1902年に台湾銀行の頭取の邸宅として建てられた「自由之家」=文化部提供
(台北 24日 中央社)文化部(文化省)は22日、台北市内に残る清朝時代の邸宅「陳悦記祖宅」、日本統治時代の銀行頭取宅を前身とする「自由之家」、米国の対台湾援助の歴史を語り継ぐ「大同之家」を国定古跡に登録すると発表した。
陳悦記祖宅(大同区)は、中国福建省の建築様式を受け継ぐ邸宅。清朝時代に同省泉州から台湾に移り住んだ陳家の二代目、陳遜言が1807年に伝統的な家屋建築「四合院」を建てて以来、一族の住まいとして増築され、大邸宅となった。建材として花崗岩や安山岩、玄武岩などが用いられており、敷居や柱、石窓などに彫刻が施されている。
自由之家(中正区)は1902(明治35)年に台湾銀行の頭取の居宅として建てられ、11年からは職員の休憩所「台銀倶楽部」として使われた。戦後は国防部(国防省)連合勤務総司令部が外国の貴賓をもてなす招待所となり、赴任先から帰国した外交使節もよく利用したという。50年以降は、難民救助組織「中国大陸災胞救済総会」や反共主義組織「世界反共連盟」などの活動拠点となったほか、民主主義の理念を伝える政治雑誌「自由中国」の編集者らの集会、演説場所としても用いられた。
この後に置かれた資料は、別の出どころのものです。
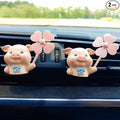 Cute Car Air Freshener Vent Clips, 3D Animal with Mini Fan Diffuser Vent Clip, Air Conditioning Decoration Car Accessories for Women and Men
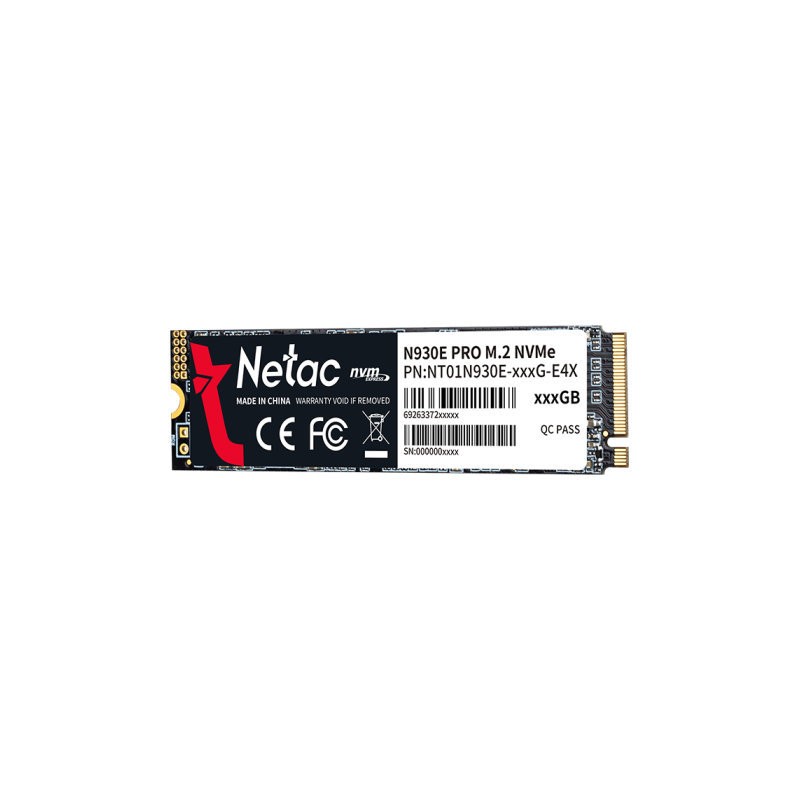 SSD  256GB NETAC N930E M.2 PCIE NVME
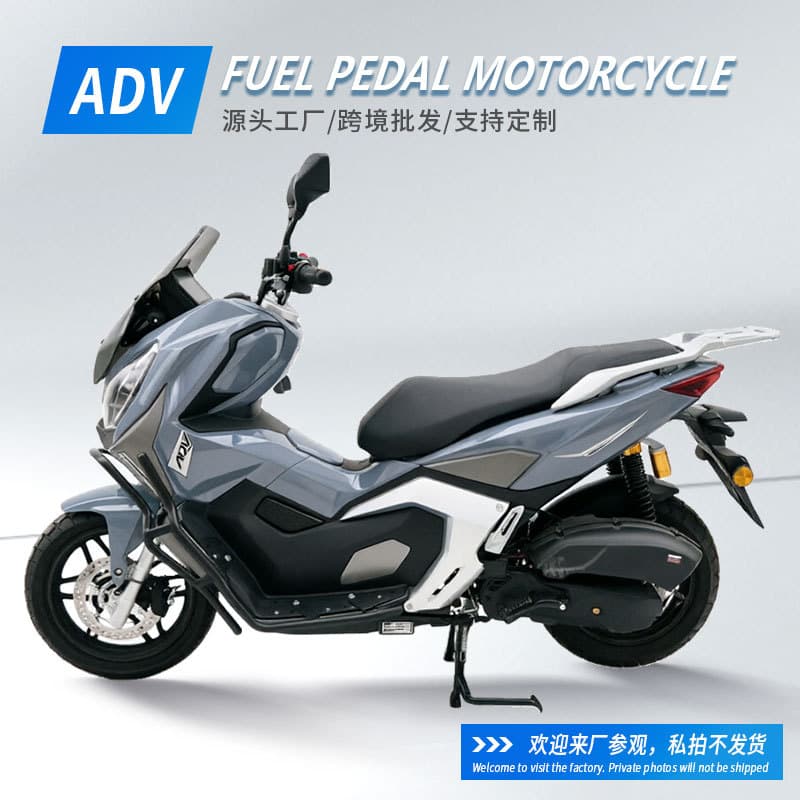 Customized Export Adv Second-Generation Fuel-Powered Motorcycle, Off-Road Motorcycle, Unisex Commuter Scooter, Vietnam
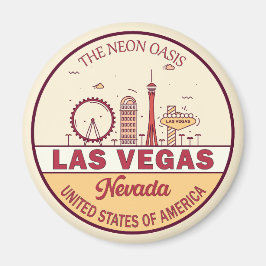 Íman Las Vegas Nevada City Skyline Emblem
大同之家(中正区)は、朝鮮戦争を機に米国(中国語では美国)が対ソ連封じ込め政策の一環として台湾への経済援助を行った「美援時代」(1951~65年)を背景に、米軍事顧問団の接待用として1953年に建てられた。建設案を主導したのは当時、米国の援助資金を活用するため設立された専門委員会のトップだった厳家淦。66年に副総統となった厳は75年、総統の蒋介石が病死したことで総統に昇格。同年、大同之家は総統官邸の一部に組み入れられた。